The improved performance with the tuned cost parameter demonstrated the importance of model regularization. Higher cost values reduced the number of support vectors and created a firmer margin, allowing for more accurate decision boundaries.

best.linear <- tune.linear$best.model
mean(predict(best.linear, train_OJ) != train_OJ$Purchase)
## [1] 0.16375
mean(predict(best.linear, test_OJ) != test_OJ$Purchase)
## [1] 0.1481481
  1. Repeat parts (b) through (e) using a support vector machine with a radial kernel. Use the default value or gamma.

A support vector machine with a radial kernel and cost = 0.01 was trained on the same data. The model used 634 support vectors, and the error rates were substantially higher—39.4% on training and 37.8% on test data—indicating poor generalization at this cost level.

set.seed(1)
data(OJ)
train_idx <- sample(1:nrow(OJ), 800)
train_OJ <- OJ[train_idx, ]
test_OJ <- OJ[-train_idx, ]

svm_radial <- svm(Purchase ~ ., data = train_OJ, kernel = "radial", cost = 0.01)

summary(svm_radial)
## 
## Call:
## svm(formula = Purchase ~ ., data = train_OJ, kernel = "radial", cost = 0.01)
## 
## 
## Parameters:
##    SVM-Type:  C-classification 
##  SVM-Kernel:  radial 
##        cost:  0.01 
## 
## Number of Support Vectors:  634
## 
##  ( 319 315 )
## 
## 
## Number of Classes:  2 
## 
## Levels: 
##  CH MM
train_pred <- predict(svm_radial, train_OJ)
test_pred <- predict(svm_radial, test_OJ)

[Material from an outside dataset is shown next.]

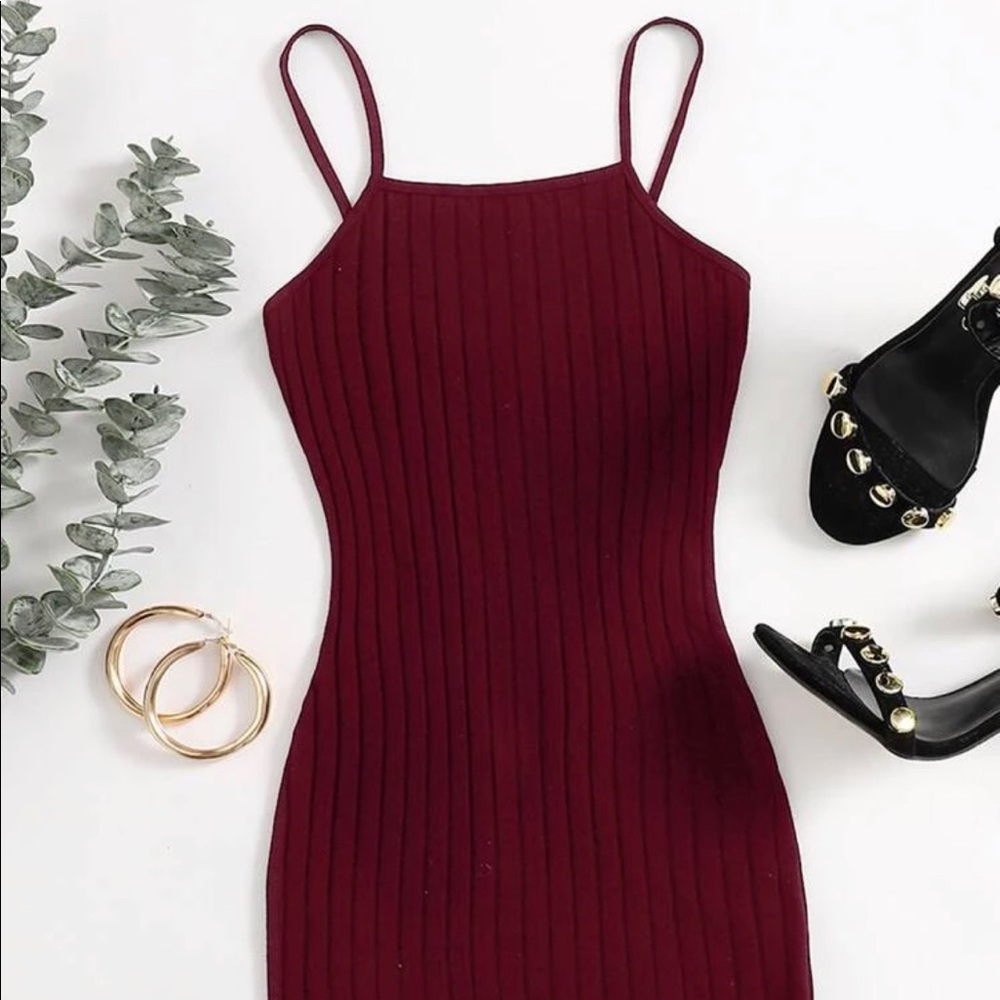 SHEIN vestido ajustado tejido canalé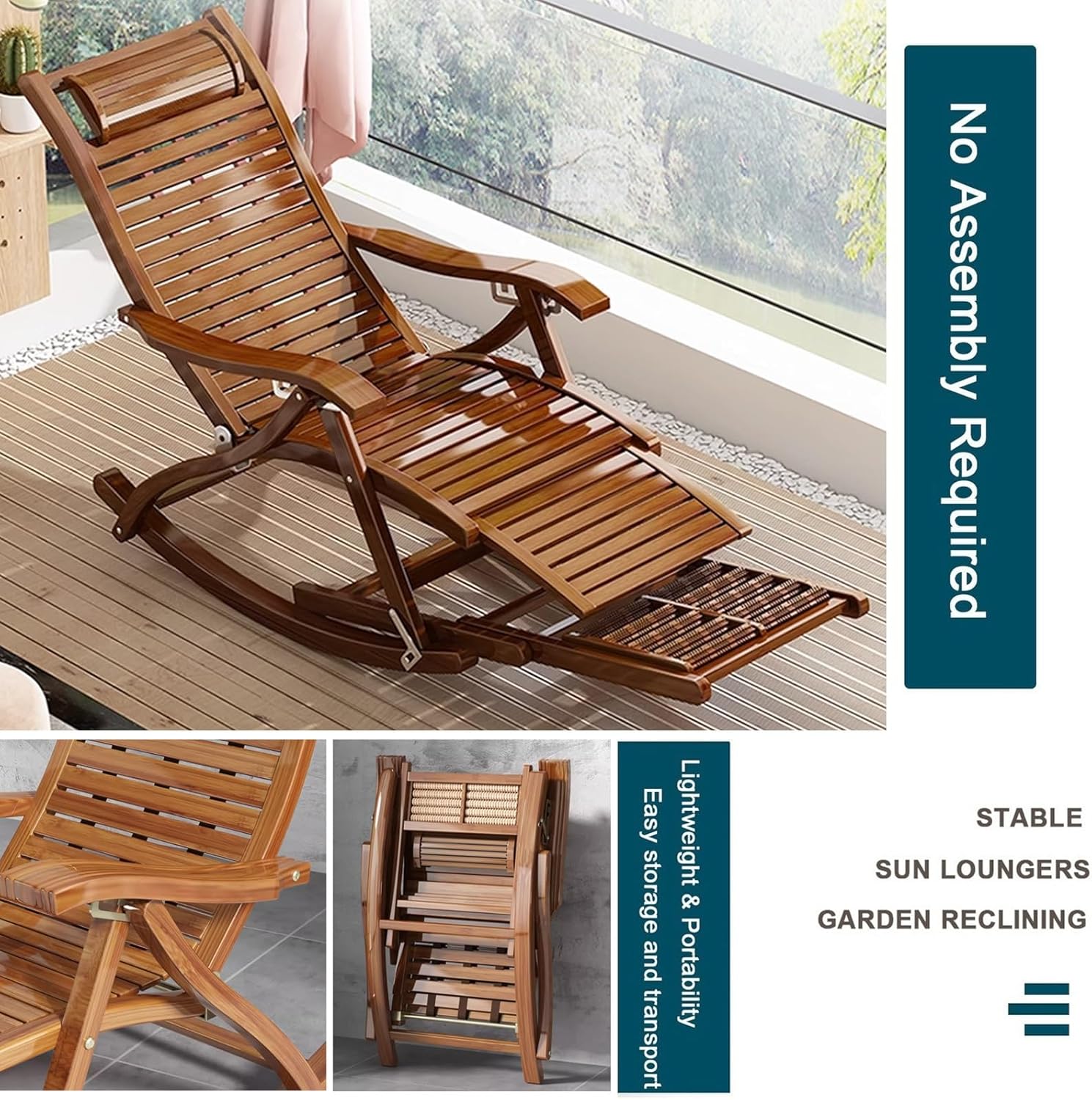 Outdoor Rocking, Zero Gravity Lounge Chair Folding Reclining Garden Chair | Relaxer Recliner Chairs for Living Room Relaxing Chair Deck Chairs Patio Porch Rocker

train_error <- mean(train_pred != train_OJ$Purchase)
test_error <- mean(test_pred != test_OJ$Purchase)

cat("Training Error (Radial):", round(train_error, 3), "\n")
## Training Error (Radial): 0.394
cat("Test Error (Radial):", round(test_error, 3), "\n")
## Test Error (Radial): 0.378
  1. Repeat parts (b) through (e) using a support vector machine with a polynomial kernel. Set degree = 2.

An SVM with a polynomial kernel (degree = 2, cost = 0.01) was also trained. It produced a training error of 37.2% and a test error of 36.7%. Like the radial model, the polynomial kernel struggled to generalize at this low cost value.

svm_poly <- svm(Purchase ~ ., data = train_OJ, kernel = "polynomial", degree = 2, cost = 0.01)

summary(svm_poly)
## 
## Call:
## svm(formula = Purchase ~ ., data = train_OJ, kernel = "polynomial", 
##     degree = 2, cost = 0.01)
## 
## 
## Parameters:
##    SVM-Type:  C-classification 
##  SVM-Kernel:  polynomial 
##        cost:  0.01 
##      degree:  2 
##      coef.0:  0 
## 
## Number of Support Vectors:  636
## 
##  ( 321 315 )
## 
## 
## Number of Classes:  2 
## 
## Levels: 
##  CH MM
train_pred_poly <- predict(svm_poly, train_OJ)
test_pred_poly <- predict(svm_poly, test_OJ)

train_error_poly <- mean(train_pred_poly != train_OJ$Purchase)
test_error_poly <- mean(test_pred_poly != test_OJ$Purchase)

cat("Training Error (Poly):", round(train_error_poly, 3), "\n")
## Training Error (Poly): 0.372
cat("Test Error (Poly):", round(test_error_poly, 3), "\n")
## Test Error (Poly): 0.367
  1. Overall, which approach seems to give the best results on this data?

Among all models tested, the linear SVM with tuned cost = 10 achieved the best results, providing the lowest test error. Both radial and polynomial kernels showed signs of overfitting or under-regularization at the cost used, reinforcing the need for tuning and careful model selection.